Tuesday of the Twenty-second Week in Ordinary Time
(I Corinthians 2:10b-16; Luke 4:31-37)
An American recently wrote an article about her experience living in a community of L’Arche in Italy. L’Arche pairs people with severe disabilities with more regularly healthy people. The writer described being alone with Fabio, a deaf mute with a broken face and below average mental capacity. She said that she and Fabio were in the community chapel gazing at the crucifix when Fabio opened his arms as if he meant to embrace Jesus or, perhaps, in imitation of Jesus sacrificing himself for the world. After remaining in this pose a while, Fabio turned to embrace the writer – a gesture which invited her into the brokenness of the cross and Fabio’s own brokenness. The writer too opened her arms and smiled back at Fabio. She said that she never felt more whole than she did at that moment when Fabio enabled her to experience a touch of Christ’s love for the world. St. Paul writes of this experience in today’s first reading.
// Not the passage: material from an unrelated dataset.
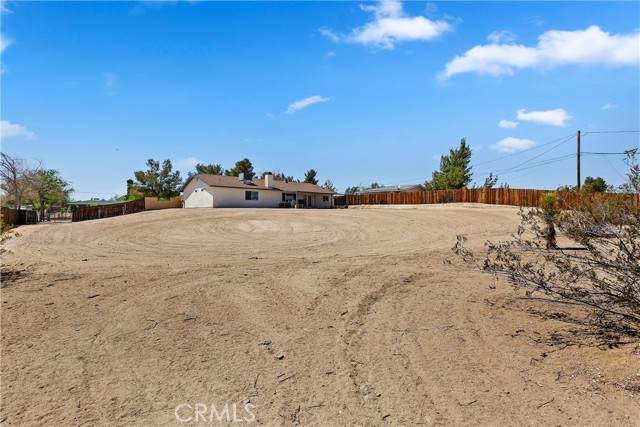 15945 Malahat RD, Apple Valley, CA 92307 thumbnail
The passage does not mean to criticize true wisdom. When it speaks of the “spirit of the world,” it is referring to the competition for fame, fortune, and pleasure that drives humans everywhere. It recognizes the futility of such pursuit and recommends a more authentic spiritual quest. It advocates putting on “the mind of Christ” which inclines people not to worry about their own needs so much as to assist others with theirs.
Of course, we normally reel at the prospect of such sacrifice. We want to enjoy as many of the comforts of life as we can afford. But on deeper reflection we realize that as Christ died on the cross and rose to glory out of love for us so we will share his resurrected life the more we die to self.